According to the literature (Ref 35, 36), the ingot’s matrix plays the major role in the self-decomposition process. Based on the aluminum content, the matrix can acquire various phases such as the FeAl phase mixed with aluminum ferrite (29–34 at.% Al), FeAl (24–36 at.% Al), FeAl and FeAl2 (36–45 at.% Al), FeAl2 and Fe2Al5 (over 45 at.% Al), as well as Al2O3 oxide ceramics. The aluminum ferrite and FeAl phases have relatively high tensile strength (over 250 MPa), but the FeAl2 and Fe2Al5 high-aluminum phases are very brittle with tensile strength not exceeding 15 MPa (Ref 35). The presence of FeAl2 traces significantly decreases the critical stress level in the cast ingot, accelerating initial crack formation.

In addition, the presence of Al2O3 oxide impacts on the final properties of the self-decomposing powder, creating a composite structure of the powder material. The verification of the phase structure of the self-decomposing powder in the initial state (as-received from the manufacturer) and also after 20 h of milling (Fig. 3) shows that reflections, typical for FeAl intermetallic phase, can be identified with specific {100} reflection originating from a superlattice with B2 order. The increase of the half-width of the FeAl reflections (Fig. 3) for the powder particles after low-energy milling indicates an increase of residual stresses and fragmentation of the coherently dispersing zones after 20 h of milling, which translates into measurable lattice strains and a change of the crystallite size (Fig. 4).
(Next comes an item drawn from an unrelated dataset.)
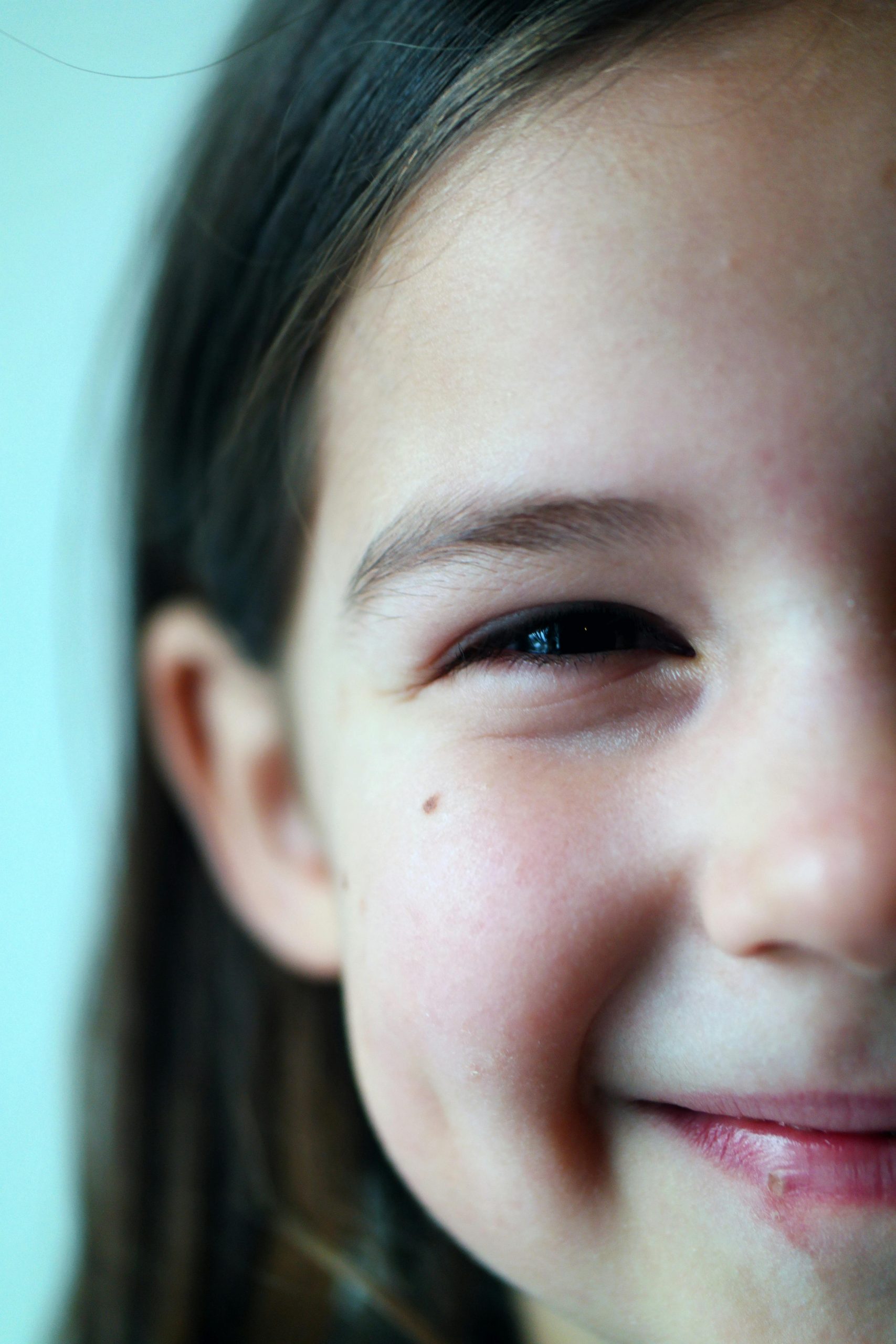 Her classmates teased her about hiding her lunch but her bag was keeping a very different secret 7 pexels pixabay 277149 scaled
The slight microhardness increase (Fig. 5) implies that the increase of the component of the reflections assigned to the presence of residual stresses is minor, meaning that the broadening of the reflections is dominated by the crystallite fragmentation phenomenon.

Fig. 3
figure 3

XRD patterns of self-decomposing Fe-36 at.%Al powder in the initial state (from the manufacturer) as well as after 20 h of milling, and of the reference powder (heated for 100 h at 1000 °C and quenched at 2 °C/min to room temperature in argon)

Full size image
Fig. 4
figure 4

Long-range ordering (LRO) and crystallite size (C s) of self-decomposing Fe-36 at.%Al powder in a particular state (according to legend)

Full size image
Fig. 5
figure 5

Average microhardness and standard deviation of self-decomposing Fe-36 at.%Al powder in a particular state (according to legend)

Full size image

Based on the results obtained (using Scherrer’s method), it is found that crystallite fragmentation of the as-milled powder particles (Fig. 4) reaches the level of 8 nm (after 20 h of milling), indicating the formation of a nanocrystalline structure of the investigated powder material after milling. Low-energy milling also causes a decrease of the FeAl secondary solution ordering degree (Fig. 4), but the B2 superlattice is still retained, as evidenced by the (100) peak in the XRD pattern in Fig. 3. Even though the disordering of the secondary solution reduces the particle strengthening, this is compensated by strengthening originating from the crystallite fragmentation, so the microhardness increase is negligible with milling time extension (Fig. 5). An increase of the microhardness may also be related to the density increase of antisite–atom pairs (FeAl, AlFe) as evidenced by the growth of the lattice parameter a of the FeAl phase shown in Fig. 3.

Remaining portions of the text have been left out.